◆ **INFORMATION**:

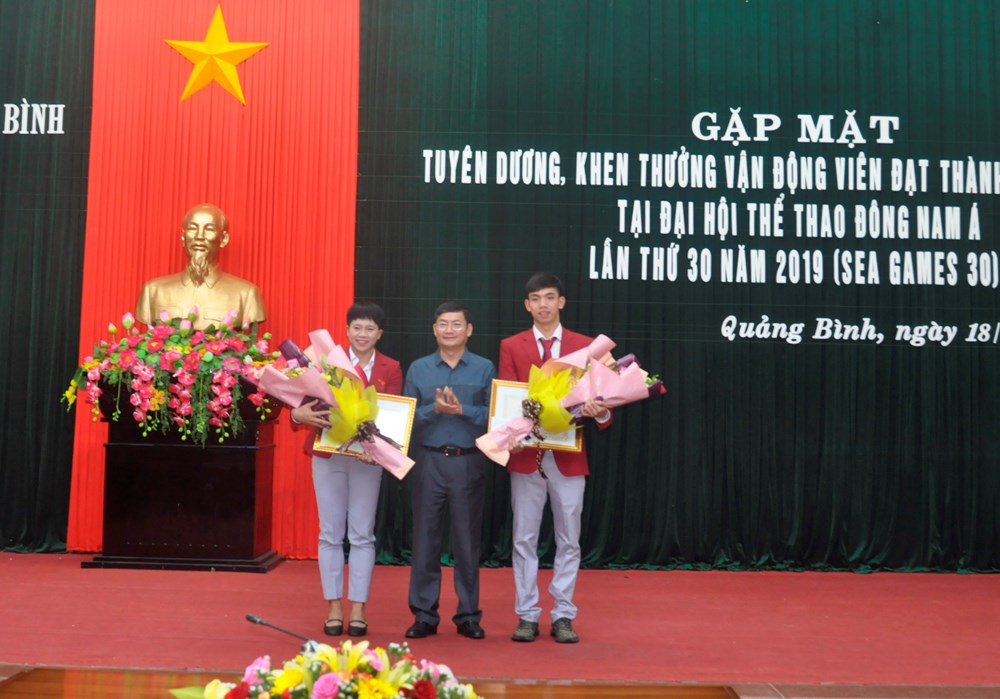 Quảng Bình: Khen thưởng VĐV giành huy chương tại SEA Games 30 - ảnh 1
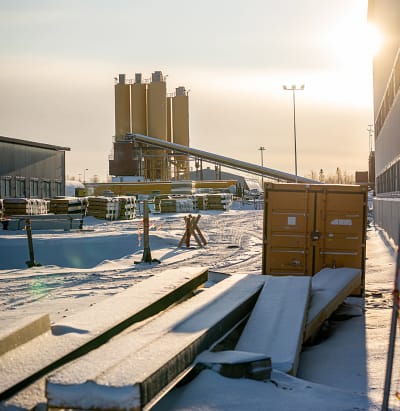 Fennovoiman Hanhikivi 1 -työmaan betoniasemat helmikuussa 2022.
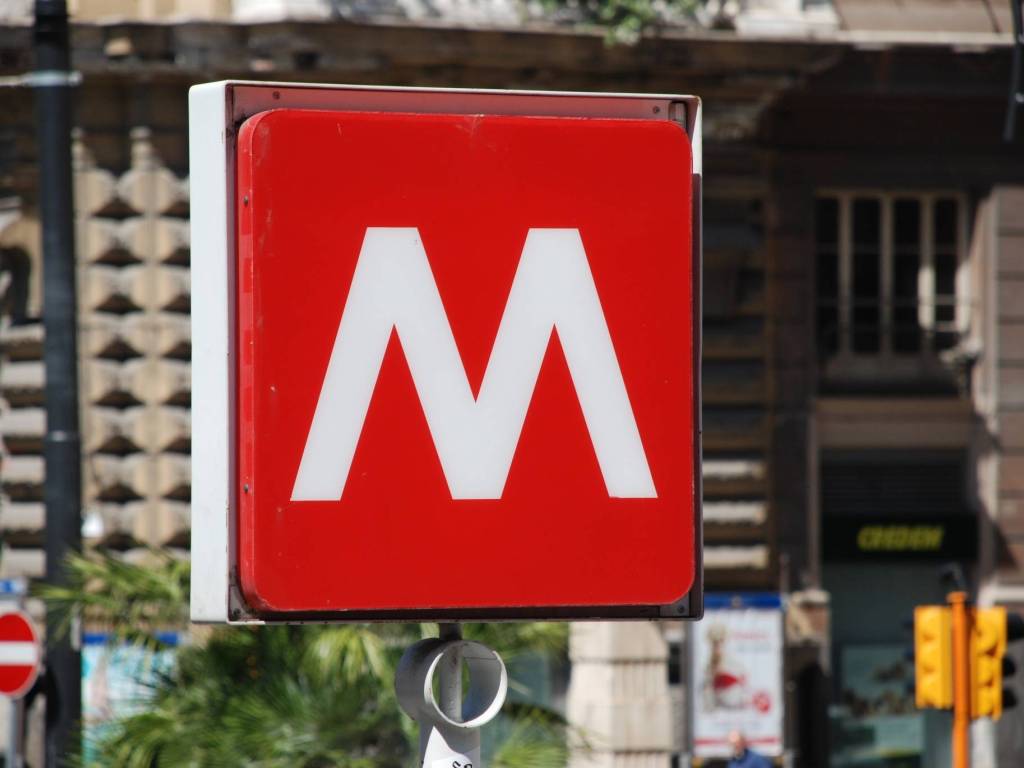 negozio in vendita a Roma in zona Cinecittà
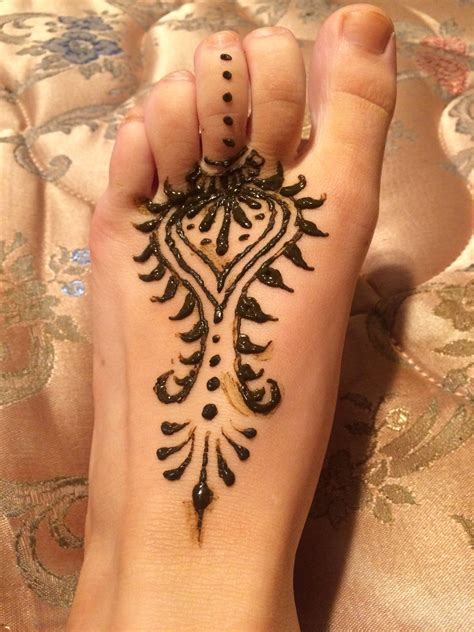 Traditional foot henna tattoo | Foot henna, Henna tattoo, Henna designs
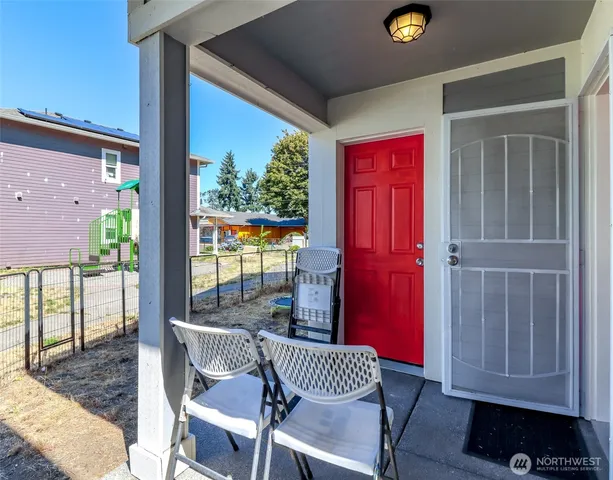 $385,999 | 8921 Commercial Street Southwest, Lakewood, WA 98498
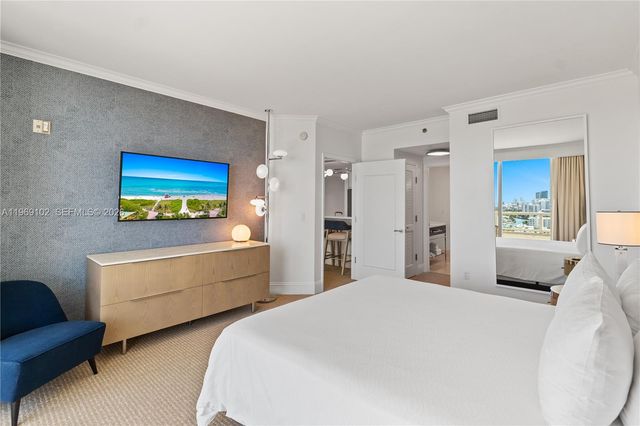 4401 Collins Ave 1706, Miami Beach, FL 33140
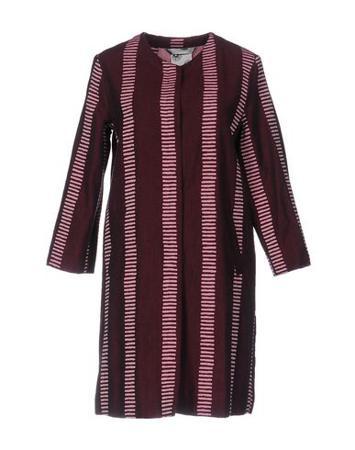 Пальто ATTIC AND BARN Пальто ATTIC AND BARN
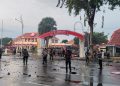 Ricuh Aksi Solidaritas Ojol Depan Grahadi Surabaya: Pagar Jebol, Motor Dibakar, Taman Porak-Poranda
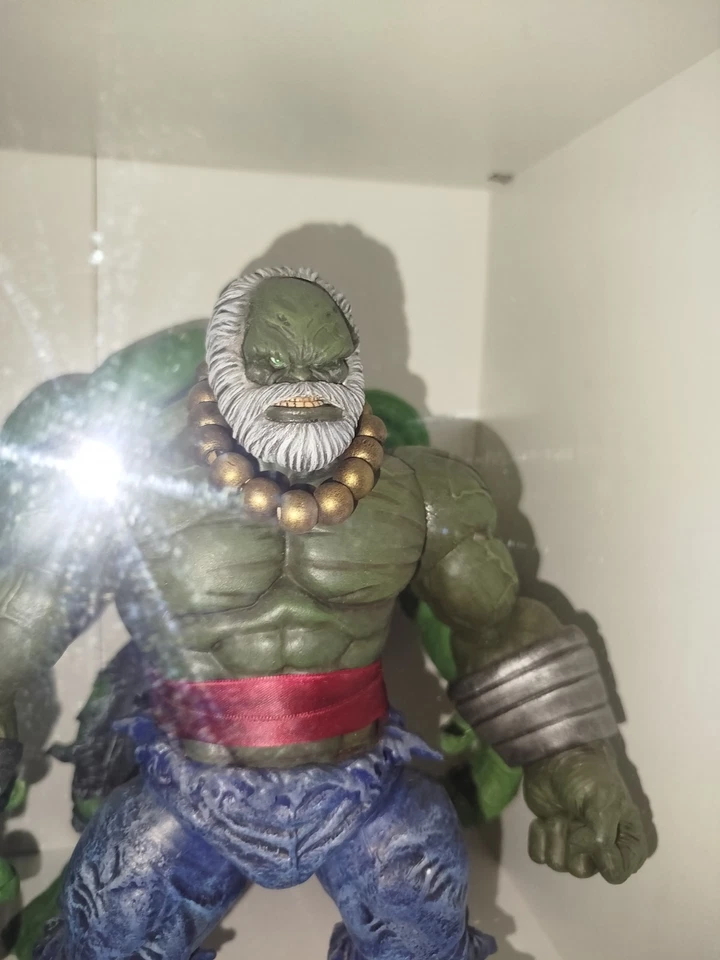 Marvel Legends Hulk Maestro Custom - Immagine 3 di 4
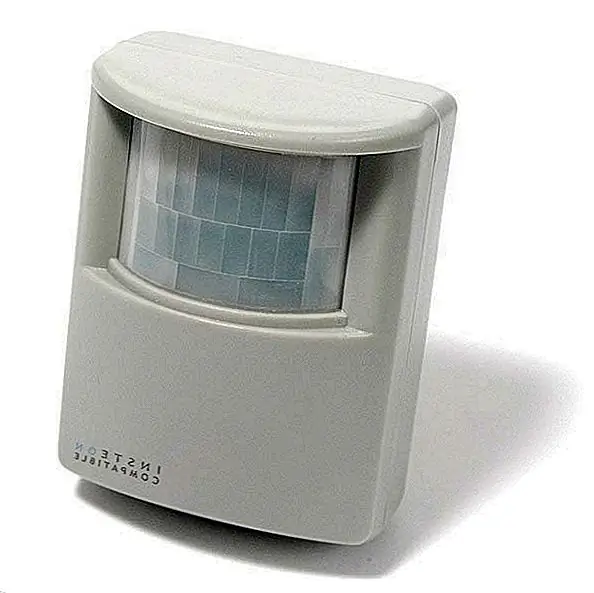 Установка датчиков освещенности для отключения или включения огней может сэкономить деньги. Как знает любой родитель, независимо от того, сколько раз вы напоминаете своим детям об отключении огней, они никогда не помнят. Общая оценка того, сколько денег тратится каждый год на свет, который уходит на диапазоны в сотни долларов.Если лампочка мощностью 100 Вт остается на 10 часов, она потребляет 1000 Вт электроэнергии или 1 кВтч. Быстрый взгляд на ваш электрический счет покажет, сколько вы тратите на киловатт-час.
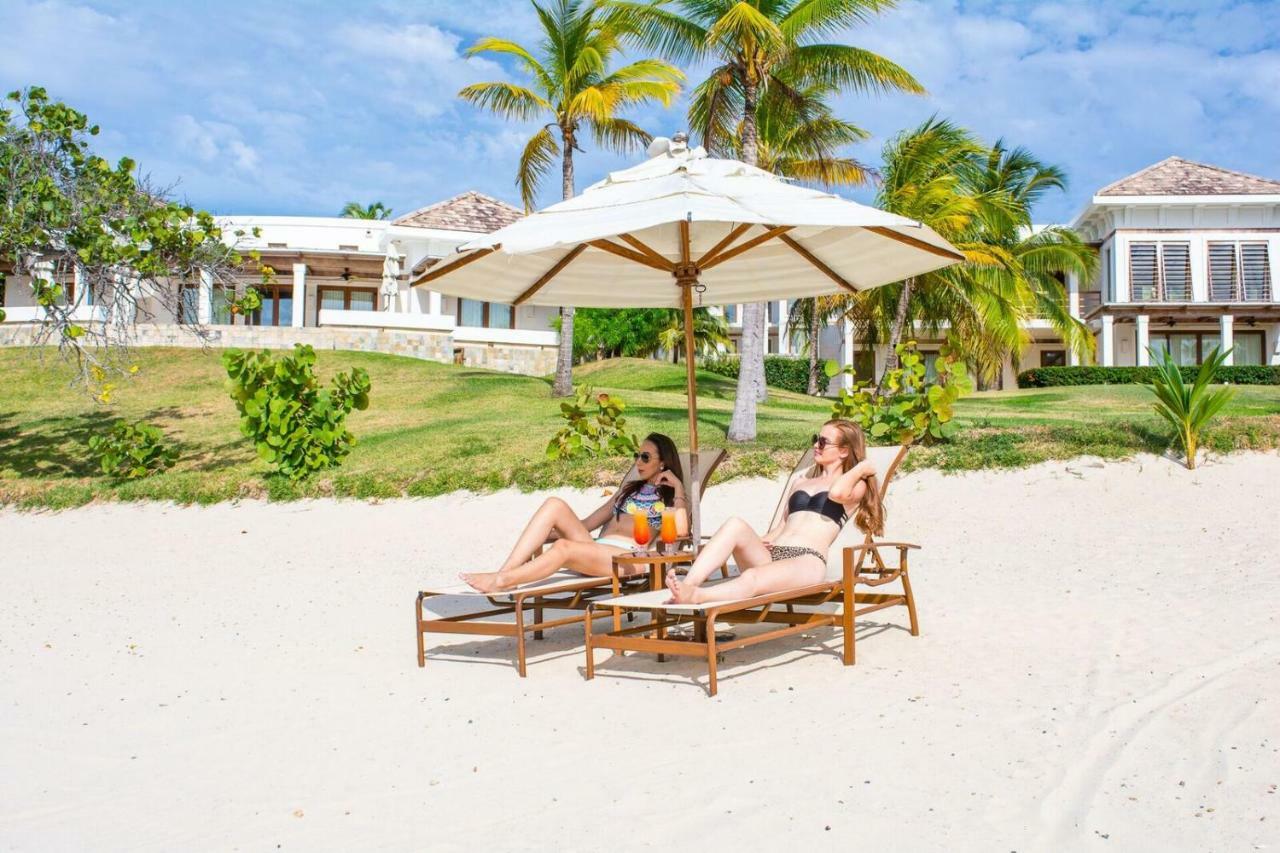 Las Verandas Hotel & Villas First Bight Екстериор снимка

◆ **TASK DIRECTIONS**: Leave the pictures out and reproduce exactly the lines from the line with "Marvel Legends Hulk" to the end of the material above.

◆ **WRITTEN ANSWER**:
 Marvel Legends Hulk Maestro Custom - Immagine 3 di 4
 Установка датчиков освещенности для отключения или включения огней может сэкономить деньги. Как знает любой родитель, независимо от того, сколько раз вы напоминаете своим детям об отключении огней, они никогда не помнят. Общая оценка того, сколько денег тратится каждый год на свет, который уходит на диапазоны в сотни долларов.Если лампочка мощностью 100 Вт остается на 10 часов, она потребляет 1000 Вт электроэнергии или 1 кВтч. Быстрый взгляд на ваш электрический счет покажет, сколько вы тратите на киловатт-час.
 Las Verandas Hotel & Villas First Bight Екстериор снимка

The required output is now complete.